Signed-off-by: Zhengyu Shen <zhengyu.shen@nxp.com>
---
change from v1 to v2:
	Added cpumask and migration handling support to driver
	Validated event during event_init
	Added code to properly stop counters
	Used perf_invalid_context instead of perf_sw_context
	Added hrtimer to poll for overflow 
	Added better description
	Added support for multiple mmdcs

 arch/arm/mach-imx/mmdc.c | 362 ++++++++++++++++++++++++++++++++++++++++++++++-
 1 file changed, 361 insertions(+), 1 deletion(-)

diff --git a/arch/arm/mach-imx/mmdc.c b/arch/arm/mach-imx/mmdc.c
index db9621c..372b59c 100644
--- a/arch/arm/mach-imx/mmdc.c
+++ b/arch/arm/mach-imx/mmdc.c
@@ -1,5 +1,5 @@
 /*
- * Copyright 2011 Freescale Semiconductor, Inc.

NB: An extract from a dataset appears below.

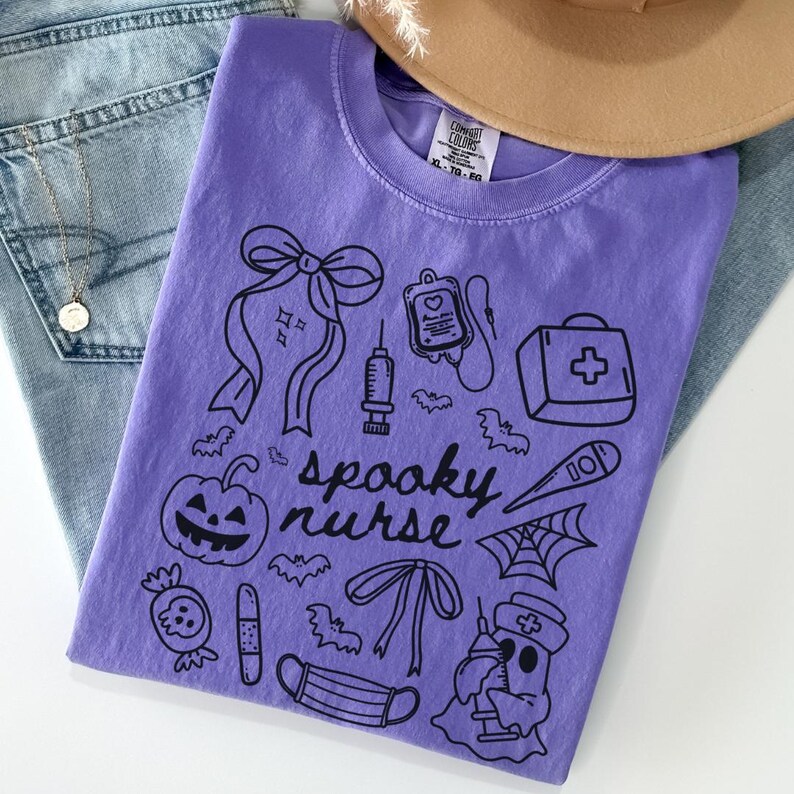 以下が含まれることがあります： ハロウィーンをテーマにした医療イラストと「spooky nurse」の文字が描かれた黒いグラフィックデザインの紫色のComfort Colors Tシャツ。デザインにはカボチャ、コウモリ、医療器具が含まれています。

+ * Copyright 2011,2016 Freescale Semiconductor, Inc.
  * Copyright 2011 Linaro Ltd.
  *
  * The code contained herein is licensed under the GNU General Public
@@ -16,6 +16,10 @@
 #include <linux/of.h>
 #include <linux/of_address.h>
 #include <linux/of_device.h>
+#include <linux/perf_event.h>
+#include <linux/slab.h>
+#include <linux/hrtimer.h>
+#include <linux/interrupt.h>
 
 #include "common.h"
 
@@ -27,14 +31,341 @@
 #define BM_MMDC_MDMISC_DDR_TYPE	0x18
 #define BP_MMDC_MDMISC_DDR_TYPE	0x3
 
+#define TOTAL_CYCLES	0x1
+#define BUSY_CYCLES		0x2
+#define READ_ACCESSES	0x3
+#define WRITE_ACCESSES	0x4
+#define READ_BYTES		0x5
+#define WRITE_BYTES		0x6
+
+/* Enables, resets, freezes, overflow profiling*/
+#define DBG_DIS			0x0
+#define DBG_EN			0x1 
+#define DBG_RST			0x2
+#define PRF_FRZ			0x4
+#define CYC_OVF 		0x8
+
+#define MMDC_MADPCR0	0x410
+#define MMDC_MADPSR0	0x418
+#define MMDC_MADPSR1	0x41C
+#define MMDC_MADPSR2	0x420
+#define MMDC_MADPSR3	0x424
+#define MMDC_MADPSR4	0x428
+#define MMDC_MADPSR5	0x42C
+
+#define MMDC_NUM_COUNTERS	6
+
+#define to_mmdc_pmu(p) (container_of(p, struct mmdc_pmu, pmu))
+
+static DEFINE_IDA(mmdc_ida);
+
 static int ddr_type;
 
+PMU_EVENT_ATTR_STRING(total-cycles, mmdc_total_cycles, "event=0x01")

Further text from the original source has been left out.